Monthly Archives: January 2013
The training grounds of 21st century football clubs are pretty sophisticated places. Tactics are discussed in minute detail, set pieces practised with monotonous repetition and every player knows his role in the team. An army of fitness coaches, nutritionists, doctors and any number of ‘consultants’ are always on hand to make sure the team walking onto the pitch every week, are as well prepared as humanly possible.
How refreshing then, to see Albion cement victory on Saturday with a move straight from the dresssing rooms of the local rec. After a night of pints, shorts, kebabs and (if they are lucky) passion, park pitches up and down the country are buzzing with what to do in the upcoming game.
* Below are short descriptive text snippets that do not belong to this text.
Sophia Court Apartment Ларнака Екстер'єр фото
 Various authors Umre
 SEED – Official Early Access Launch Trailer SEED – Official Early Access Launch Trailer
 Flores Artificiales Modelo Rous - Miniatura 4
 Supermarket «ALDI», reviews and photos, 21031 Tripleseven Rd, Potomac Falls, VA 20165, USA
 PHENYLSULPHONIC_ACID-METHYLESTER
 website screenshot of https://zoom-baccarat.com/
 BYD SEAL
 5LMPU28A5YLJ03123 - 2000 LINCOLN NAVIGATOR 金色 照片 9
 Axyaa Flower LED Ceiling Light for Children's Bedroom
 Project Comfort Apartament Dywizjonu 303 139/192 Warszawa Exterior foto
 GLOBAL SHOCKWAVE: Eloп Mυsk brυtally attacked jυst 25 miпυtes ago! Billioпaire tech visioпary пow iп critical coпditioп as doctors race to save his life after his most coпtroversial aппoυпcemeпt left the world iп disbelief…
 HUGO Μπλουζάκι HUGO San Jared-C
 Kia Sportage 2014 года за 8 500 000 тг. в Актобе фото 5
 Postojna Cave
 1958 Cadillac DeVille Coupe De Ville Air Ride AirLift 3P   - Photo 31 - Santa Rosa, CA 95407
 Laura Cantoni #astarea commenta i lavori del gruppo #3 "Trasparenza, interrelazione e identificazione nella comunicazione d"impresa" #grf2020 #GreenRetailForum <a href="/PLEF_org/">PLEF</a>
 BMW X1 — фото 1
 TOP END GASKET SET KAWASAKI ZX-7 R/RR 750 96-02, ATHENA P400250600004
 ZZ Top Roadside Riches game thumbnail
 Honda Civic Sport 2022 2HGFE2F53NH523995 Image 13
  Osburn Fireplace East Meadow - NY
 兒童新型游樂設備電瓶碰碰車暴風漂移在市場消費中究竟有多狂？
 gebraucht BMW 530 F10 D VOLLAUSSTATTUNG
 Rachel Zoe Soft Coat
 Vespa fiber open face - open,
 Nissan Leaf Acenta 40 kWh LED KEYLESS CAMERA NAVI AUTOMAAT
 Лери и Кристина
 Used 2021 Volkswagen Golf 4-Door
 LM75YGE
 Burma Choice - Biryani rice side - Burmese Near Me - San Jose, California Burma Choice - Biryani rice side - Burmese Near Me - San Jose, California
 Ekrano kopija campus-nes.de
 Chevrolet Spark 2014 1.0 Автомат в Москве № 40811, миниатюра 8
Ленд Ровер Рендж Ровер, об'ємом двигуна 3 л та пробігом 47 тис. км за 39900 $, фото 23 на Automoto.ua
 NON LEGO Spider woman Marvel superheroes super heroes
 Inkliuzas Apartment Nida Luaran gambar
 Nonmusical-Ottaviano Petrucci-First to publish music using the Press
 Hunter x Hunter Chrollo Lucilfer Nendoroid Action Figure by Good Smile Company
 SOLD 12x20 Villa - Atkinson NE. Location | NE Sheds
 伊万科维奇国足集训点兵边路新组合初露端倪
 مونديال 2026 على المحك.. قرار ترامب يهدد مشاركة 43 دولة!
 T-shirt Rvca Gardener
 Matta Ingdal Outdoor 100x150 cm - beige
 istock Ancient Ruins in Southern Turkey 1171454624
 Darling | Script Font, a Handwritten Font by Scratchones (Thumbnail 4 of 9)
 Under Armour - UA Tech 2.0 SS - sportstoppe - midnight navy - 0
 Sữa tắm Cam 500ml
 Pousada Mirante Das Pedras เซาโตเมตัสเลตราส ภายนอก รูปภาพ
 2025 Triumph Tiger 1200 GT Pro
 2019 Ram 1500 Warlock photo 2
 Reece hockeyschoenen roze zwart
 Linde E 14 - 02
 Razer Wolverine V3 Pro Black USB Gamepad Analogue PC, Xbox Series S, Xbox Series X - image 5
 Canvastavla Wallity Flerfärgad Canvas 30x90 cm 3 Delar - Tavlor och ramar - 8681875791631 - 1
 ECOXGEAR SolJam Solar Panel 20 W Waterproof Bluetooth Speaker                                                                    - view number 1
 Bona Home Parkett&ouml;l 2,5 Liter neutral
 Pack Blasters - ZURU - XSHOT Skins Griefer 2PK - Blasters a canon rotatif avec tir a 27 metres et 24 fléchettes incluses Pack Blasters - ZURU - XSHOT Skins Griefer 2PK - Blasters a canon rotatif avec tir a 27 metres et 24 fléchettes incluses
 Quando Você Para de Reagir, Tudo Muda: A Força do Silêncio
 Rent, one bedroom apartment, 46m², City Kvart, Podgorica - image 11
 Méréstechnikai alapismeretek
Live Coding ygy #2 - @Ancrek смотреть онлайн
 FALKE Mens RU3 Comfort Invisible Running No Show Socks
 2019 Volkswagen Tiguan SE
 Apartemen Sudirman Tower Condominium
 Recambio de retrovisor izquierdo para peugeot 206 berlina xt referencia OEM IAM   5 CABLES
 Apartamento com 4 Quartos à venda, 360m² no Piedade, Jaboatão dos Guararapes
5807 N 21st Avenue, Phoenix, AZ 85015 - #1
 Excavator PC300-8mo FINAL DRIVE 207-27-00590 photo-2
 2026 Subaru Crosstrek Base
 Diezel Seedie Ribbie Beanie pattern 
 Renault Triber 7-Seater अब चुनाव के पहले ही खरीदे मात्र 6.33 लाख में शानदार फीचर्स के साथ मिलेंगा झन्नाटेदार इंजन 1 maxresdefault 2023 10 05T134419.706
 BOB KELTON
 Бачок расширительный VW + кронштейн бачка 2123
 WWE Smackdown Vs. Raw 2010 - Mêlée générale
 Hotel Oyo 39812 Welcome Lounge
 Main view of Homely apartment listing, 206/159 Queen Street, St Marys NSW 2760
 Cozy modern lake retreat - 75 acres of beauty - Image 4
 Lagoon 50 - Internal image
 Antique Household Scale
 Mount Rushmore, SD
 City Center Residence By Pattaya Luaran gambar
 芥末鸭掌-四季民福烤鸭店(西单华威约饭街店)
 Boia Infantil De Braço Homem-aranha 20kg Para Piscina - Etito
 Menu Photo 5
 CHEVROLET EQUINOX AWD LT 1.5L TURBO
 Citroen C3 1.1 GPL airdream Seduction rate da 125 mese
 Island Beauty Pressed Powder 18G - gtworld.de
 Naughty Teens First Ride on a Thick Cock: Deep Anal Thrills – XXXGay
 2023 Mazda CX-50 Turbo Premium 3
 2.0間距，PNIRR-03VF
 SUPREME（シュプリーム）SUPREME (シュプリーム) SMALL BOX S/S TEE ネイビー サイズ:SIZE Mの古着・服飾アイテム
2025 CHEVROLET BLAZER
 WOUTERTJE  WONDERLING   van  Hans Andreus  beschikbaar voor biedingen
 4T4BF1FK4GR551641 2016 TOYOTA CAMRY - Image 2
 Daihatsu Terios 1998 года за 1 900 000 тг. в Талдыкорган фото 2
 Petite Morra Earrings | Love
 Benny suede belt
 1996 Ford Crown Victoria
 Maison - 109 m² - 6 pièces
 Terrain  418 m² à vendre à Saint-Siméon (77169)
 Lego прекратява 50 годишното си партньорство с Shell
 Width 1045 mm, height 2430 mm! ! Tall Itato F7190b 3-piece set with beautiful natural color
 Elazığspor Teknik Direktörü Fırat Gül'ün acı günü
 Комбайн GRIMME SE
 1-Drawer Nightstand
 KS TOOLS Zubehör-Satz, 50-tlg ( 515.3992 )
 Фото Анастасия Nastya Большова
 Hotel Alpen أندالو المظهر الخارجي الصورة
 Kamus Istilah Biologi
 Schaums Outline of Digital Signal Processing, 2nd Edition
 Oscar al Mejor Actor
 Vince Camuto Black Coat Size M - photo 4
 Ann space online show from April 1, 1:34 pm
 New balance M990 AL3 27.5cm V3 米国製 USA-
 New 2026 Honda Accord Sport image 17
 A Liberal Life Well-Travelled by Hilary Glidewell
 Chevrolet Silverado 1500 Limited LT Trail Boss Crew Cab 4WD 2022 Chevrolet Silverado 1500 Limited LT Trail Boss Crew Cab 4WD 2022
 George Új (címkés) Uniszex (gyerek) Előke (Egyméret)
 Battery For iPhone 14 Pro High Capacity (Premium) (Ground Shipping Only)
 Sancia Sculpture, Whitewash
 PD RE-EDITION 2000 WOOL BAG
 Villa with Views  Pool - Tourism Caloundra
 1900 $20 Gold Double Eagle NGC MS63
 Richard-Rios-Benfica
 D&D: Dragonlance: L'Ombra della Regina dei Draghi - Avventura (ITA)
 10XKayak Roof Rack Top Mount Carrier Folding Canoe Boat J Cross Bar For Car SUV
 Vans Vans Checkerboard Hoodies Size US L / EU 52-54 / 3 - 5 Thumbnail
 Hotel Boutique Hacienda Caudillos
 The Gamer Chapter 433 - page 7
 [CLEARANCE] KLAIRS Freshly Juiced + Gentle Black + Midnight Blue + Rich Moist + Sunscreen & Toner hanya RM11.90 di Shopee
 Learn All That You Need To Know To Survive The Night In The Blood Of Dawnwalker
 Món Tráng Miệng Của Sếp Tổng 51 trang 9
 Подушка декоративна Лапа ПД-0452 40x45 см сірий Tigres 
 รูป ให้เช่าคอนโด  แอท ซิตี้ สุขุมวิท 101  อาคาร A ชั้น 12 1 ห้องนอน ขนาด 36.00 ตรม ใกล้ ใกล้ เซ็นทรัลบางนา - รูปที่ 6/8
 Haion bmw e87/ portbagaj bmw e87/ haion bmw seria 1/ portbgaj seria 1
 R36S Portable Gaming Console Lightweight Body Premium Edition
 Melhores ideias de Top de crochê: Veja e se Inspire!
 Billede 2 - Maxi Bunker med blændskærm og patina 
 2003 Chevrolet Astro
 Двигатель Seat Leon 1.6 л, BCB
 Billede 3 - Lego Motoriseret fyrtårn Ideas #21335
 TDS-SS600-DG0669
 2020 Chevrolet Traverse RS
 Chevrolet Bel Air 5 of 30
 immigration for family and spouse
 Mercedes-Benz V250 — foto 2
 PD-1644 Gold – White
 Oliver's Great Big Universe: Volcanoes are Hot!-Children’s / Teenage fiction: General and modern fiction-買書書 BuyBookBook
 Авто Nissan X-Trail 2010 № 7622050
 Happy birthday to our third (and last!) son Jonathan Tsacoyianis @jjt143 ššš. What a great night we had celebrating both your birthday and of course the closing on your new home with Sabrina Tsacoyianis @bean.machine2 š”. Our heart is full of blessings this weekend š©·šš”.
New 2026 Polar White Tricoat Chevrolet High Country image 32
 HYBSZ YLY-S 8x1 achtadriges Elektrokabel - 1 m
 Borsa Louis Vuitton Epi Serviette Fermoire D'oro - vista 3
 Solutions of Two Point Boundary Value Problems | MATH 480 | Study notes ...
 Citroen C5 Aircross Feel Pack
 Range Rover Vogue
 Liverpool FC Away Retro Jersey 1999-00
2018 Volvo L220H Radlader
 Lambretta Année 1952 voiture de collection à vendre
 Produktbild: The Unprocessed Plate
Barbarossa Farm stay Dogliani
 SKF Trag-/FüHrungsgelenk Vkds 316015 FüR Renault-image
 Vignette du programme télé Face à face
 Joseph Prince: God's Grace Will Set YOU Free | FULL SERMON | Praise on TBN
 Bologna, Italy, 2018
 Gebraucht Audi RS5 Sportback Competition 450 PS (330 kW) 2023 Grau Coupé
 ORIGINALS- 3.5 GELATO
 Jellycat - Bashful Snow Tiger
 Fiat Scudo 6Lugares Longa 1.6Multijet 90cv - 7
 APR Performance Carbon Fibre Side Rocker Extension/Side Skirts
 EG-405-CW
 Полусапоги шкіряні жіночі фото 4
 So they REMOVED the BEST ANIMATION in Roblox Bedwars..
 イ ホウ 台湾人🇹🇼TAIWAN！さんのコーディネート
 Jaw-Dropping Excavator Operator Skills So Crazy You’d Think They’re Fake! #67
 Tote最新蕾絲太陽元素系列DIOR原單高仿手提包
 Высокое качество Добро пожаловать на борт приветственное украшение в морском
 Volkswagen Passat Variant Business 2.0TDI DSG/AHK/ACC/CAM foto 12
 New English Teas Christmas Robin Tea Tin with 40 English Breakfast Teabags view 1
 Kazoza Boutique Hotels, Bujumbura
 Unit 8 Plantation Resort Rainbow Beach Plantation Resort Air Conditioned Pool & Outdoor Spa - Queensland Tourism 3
Apart from making sure last night’s doner with extra chilli sauce doesn’t end up on the centre forward’s boot of course! From Community pitches to our own Community Stadium, the gap between the two worlds was bridged in amazing, hilariously spectacular fashion.
In the last minute of added time, Derby were given a free kick just inside their own half and as their keeper strode up to take it, we held our breath. 60 minutes of glorious tippy tappy and 30 minutes of increasingly nervous defending was possibly about to be undone by a final act of hoofball. Suddenly, our feelings of trepidation were replaced by the uncontrollable urge to laugh out loud, REALLY load. Just as the ball was kicked, the entire Albion team stepped up, leaving no less than NINE Derby players offside. After a nervous couple of seconds waiting for the linesman to acknowledge this tactical master-stroke, the ref duly blew his whistle and we heaved a collective sigh of relief. It was all over and our perfect start to the year had continued. But what of the previous 92 minutes?
Saturday kick-offs for me, start with a 4 hour shift at work. The usual banter with colleagues centred on the day’s games and their importance to each of them. Most of them are Saints fans, but there is the usual smattering of United, City, Liverpool, Chelsea and Arsenal. I was quietly confident about our game, but not massively so – this is Brighton & Hove Albion we are talking about!
I left at 11.30 in the company of my daughter for her second game of the season. It was rodding down with rain and bloody freezing so my new lucky pants (clean, and with a 100% record so far) were covered with thermal long-johns and layers. It’s all about layers as my Mum used to tell me. It’s funny how, as you get older, stuff you scoffed at as a teenager, starts to make perfect sense!
We get the train from Barnham. This works smoothly and apart from a couple of timetabling issues last season, has served us well – a pretty stress-free way of getting to Falmer.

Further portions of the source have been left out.